Installing cloudpickle

cloudpickle is an optional dependency. Install it with:

pip install "fastapi-taskflow[process]"

Without it, fastapi-taskflow falls back to standard pickle. Standard pickle rejects lambdas, closures, and locally-defined classes, both as the task function itself and as arguments. cloudpickle handles all of those. Neither serializer can handle OS-level resources.

TaskArgumentError

TaskArgumentError is raised at add_task() time when arguments cannot be serialized. It extends ValueError. Catch it at the call site to handle it gracefully:

from fastapi_taskflow import TaskArgumentError

try:
    task_id = tasks.add_task(generate_pdf, report_id)
except TaskArgumentError as exc:
    raise HTTPException(status_code=422, detail=str(exc))

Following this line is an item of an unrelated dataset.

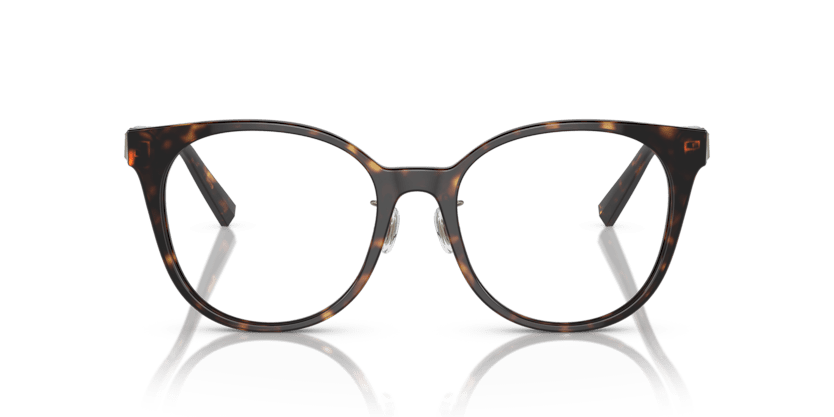 0TF2238D - Tiffany - Tortoise - (Havana 8015) - 53 - 18 - 145 MM - Ardor Eyewear 8056597851268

Using task_log inside process tasks

task_log() works inside process tasks. Entries are buffered in the worker and sent to the parent after the function returns. They appear in the dashboard and observer chain at that point, not during execution.

from fastapi_taskflow import task_log

@task_manager.task(executor="process")
def process_dataset(dataset_id: int) -> dict:
    task_log(f"Loading dataset {dataset_id}")
    data = load(dataset_id)
    task_log(f"Processing {len(data)} rows")
    result = crunch(data)
    task_log("Done")
    return result

Scheduled process tasks

@task_manager.schedule() supports executor='process' using the same syntax:

@task_manager.schedule(every=3600, executor="process")
def rebuild_search_index() -> None:
    ...

How the executor is selected

flowchart TD
    A[add_task called] --> B{executor= set?}
    B -- yes --> C{which executor?}
    B -- no --> D{async def?}
    D -- yes --> E[AsyncExecutor]
    D -- no --> F[ThreadExecutor]
    C -- async --> E
    C -- thread --> F
    C -- process --> G{eager=True?}
    G -- yes --> H[warn + fallback to async/thread]
    G -- no --> I[ProcessExecutor]

Without cloudpickle installed

If you are not using the [process] extra, the function location constraint applies. These patterns raise ValueError at decoration time:

Inside a test function:

def test_my_task():
    @task_manager.task(executor="process")  # ValueError without cloudpickle
    def my_proc(n: int) -> int:
        return n * 2

Inside a class:

class ReportService:
    @task_manager.task(executor="process")  # ValueError without cloudpickle
    def generate(self, report_id: int) -> bytes:
        ...

Inside a factory function:

def make_processor(config):
    @task_manager.task(executor="process")  # ValueError without cloudpickle
    def process():
        ...
    return process

The fix without cloudpickle is to define the function at module level. With cloudpickle installed, all of the above work without changes.

Constraints summary

Depends on cloudpickle (pip install "fastapi-taskflow[process]"):

  • Functions: no location restriction with cloudpickle; module-level only without it.
  • Arguments: cloudpickle accepts lambdas, closures, and locally-defined classes; standard pickle only without it. OS resources always fail regardless.
  • Return values: must be serializable via the standard IPC transport.

Always applies:

  • Logs delivered after completion, not in real time.
  • Eager dispatch bypassed with a warning.
  • Pool uses spawn start method, not fork.